O suspeito foi localizado na zona rural da região após o cumprimento de um mandado de prisão preventiva expedido pela Justiça. Até então, ele era considerado foragido. Após a captura, foi encaminhado à sede da Delegacia Geral, em Jacarecica, em Maceió, onde permanecerá à disposição do Poder Judiciário.

O crime aconteceu em 6 de dezembro de 2024, após uma confraternização escolar realizada em uma chácara da família do investigado, no povoado Poção, zona rural de Coité do Noia. O caso ganhou ampla repercussão nos últimos meses, principalmente após o pai da vítima denunciar as graves sequelas neurológicas deixadas pelas agressões e cobrar uma resposta das autoridades.

De acordo com a investigação da Polícia Civil, Maria Daniela foi vítima de violência sexual, agressões físicas e asfixia. Ela sofreu traumatismo craniano grave, permaneceu em coma por cinco dias e, desde então, enfrenta limitações permanentes, necessitando de acompanhamento médico e tratamento especializado.

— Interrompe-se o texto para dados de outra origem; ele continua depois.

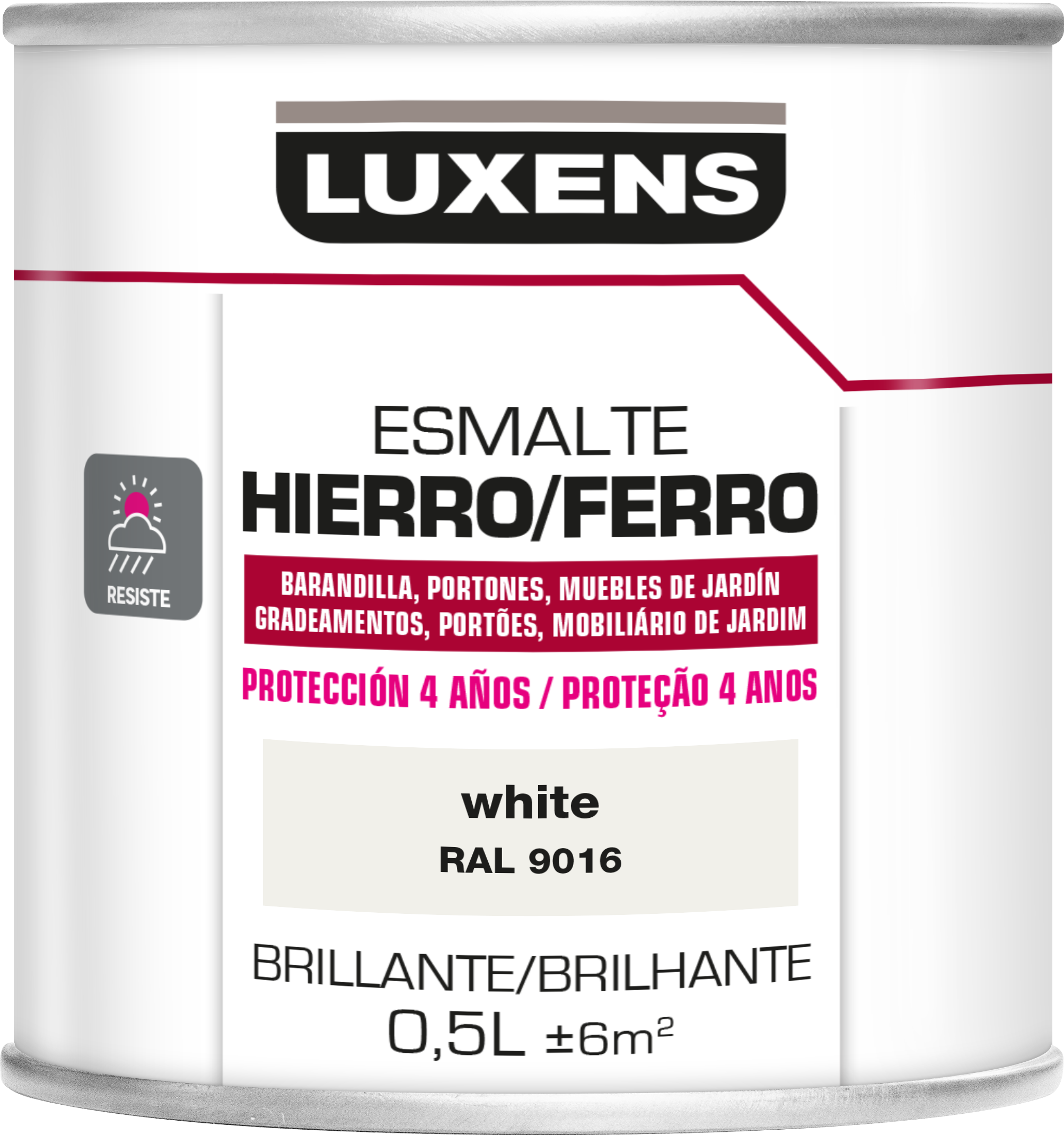 Esmalte exterior para ferro brilhante 0.5L branco 4 anos Luxens - 3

Os exames toxicológicos realizados durante a investigação identificaram a presença de cinco substâncias no organismo da vítima: Diazepam, Fenitoína, Haloperidol, Nordiazepam e Prometazina. Segundo a polícia, esta última possui efeito sedativo e pode ser utilizada para facilitar a prática de crimes sexuais.

O laudo médico também concluiu que a jovem sofreu privação de oxigênio por tempo suficiente para provocar lesões cerebrais irreversíveis, comprometendo significativamente sua autonomia.

Durante o inquérito, Victor Bruno negou qualquer participação no crime. Em manifestações públicas anteriores, o pai do investigado afirmou que a jovem teria passado mal enquanto estava na companhia do filho e alegou que ele prestou socorro à vítima. Também sustentou que o rapaz não fazia uso de bebidas alcoólicas e que, caso Daniela tenha ingerido álcool, isso não teria ocorrido ao lado dele.

Com a prisão preventiva cumprida, a Polícia Civil dará continuidade aos procedimentos do inquérito, enquanto o suspeito permanecerá à disposição da Justiça.